Impossible de parler de Tic sans parler de Tac, ou d’évoquer Batman sans parler de Superman, de Robin ou du Joker. Et quand on parle de légendes… De notre côté de la Manche, Lionel Messi affronte le premier défi de sa carrière en club sous d’autres couleurs que celles qui lui sont tatouées sur le coeur. Et c’est légèrement poussif, là aussi. Bien sûr, il est encore en pleine phase d’acclimatation. Mais sans vouloir décortiquer des statistiques qui ne sont pas encore à la hauteur des espérances, on peut légitimement se demander si l’arrivée de Messi dans la capitale française est totalement pertinente. Là où le Barca a construit pendant des années autour du génie argentin, c’est aujourd’hui à lui de trouver sa place dans un effectif déjà en place. Sauf qu’il est venu pratiquer en France le seul football qu’il ait jamais joué: le football qui est à son service. Celui où il trottine, ne défend pas et fonctionne au coup d’éclat. Car c’est ainsi qu’il a bâti sa légende. Alors pourquoi s’adapterait-il à l’équipe alors que l’équipe s’est toujours adaptée à lui? Et Kylian Mbappé de se dire « Bah si lui ne défend pas, pourquoi moi je devrais défendre? » Et ce n’est sans doute pas dans le tiède Mauricio Pochettino que Messi trouvera son mentor de fin de carrière.

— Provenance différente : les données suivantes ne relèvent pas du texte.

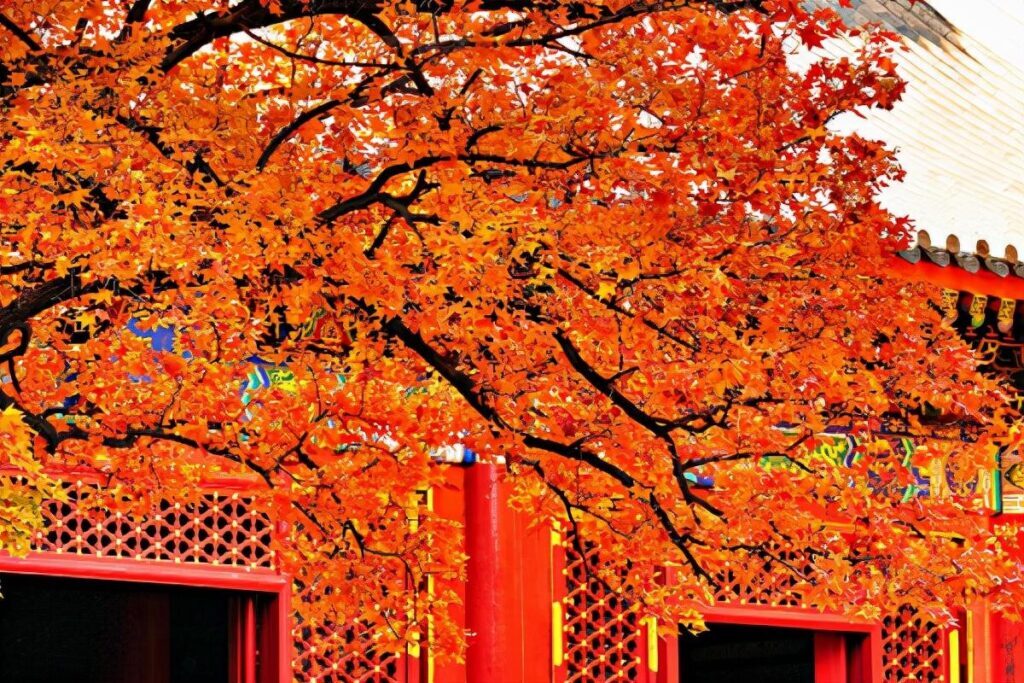 香山在哪里个城市_香山的位置和景色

Pour ces deux légendes, c’est peut-être le plus grand défi de leur carrière qui les attend. Des carrières qu’ils ont en miroir, parfois déformants. Parvenir à accepter que tout ne tourne pas autour d’eux, que ce soit le jeu ou le monde. Parce qu’après avoir régné sur le football avec une régularité inhumaine pendant quinze ans et quand un sport entier a été résumé par deux noms pendant plus d’une décennie, entrer dans un monde nouveau n’est pas chose aisée. Ni à déceler, encore moins à accepter.
Pour Messi comme pour Ronaldo, il s’agira de choisir. Persister dans qui l’on est ou s’adapter. Et si dans l’une des solutions se trouvait aussi l’autre? Parce que si, dit-on, les légendes ne meurent jamais, pourquoi ne pas s’oublier un peu pour faire perdurer la légende et devenir le blason.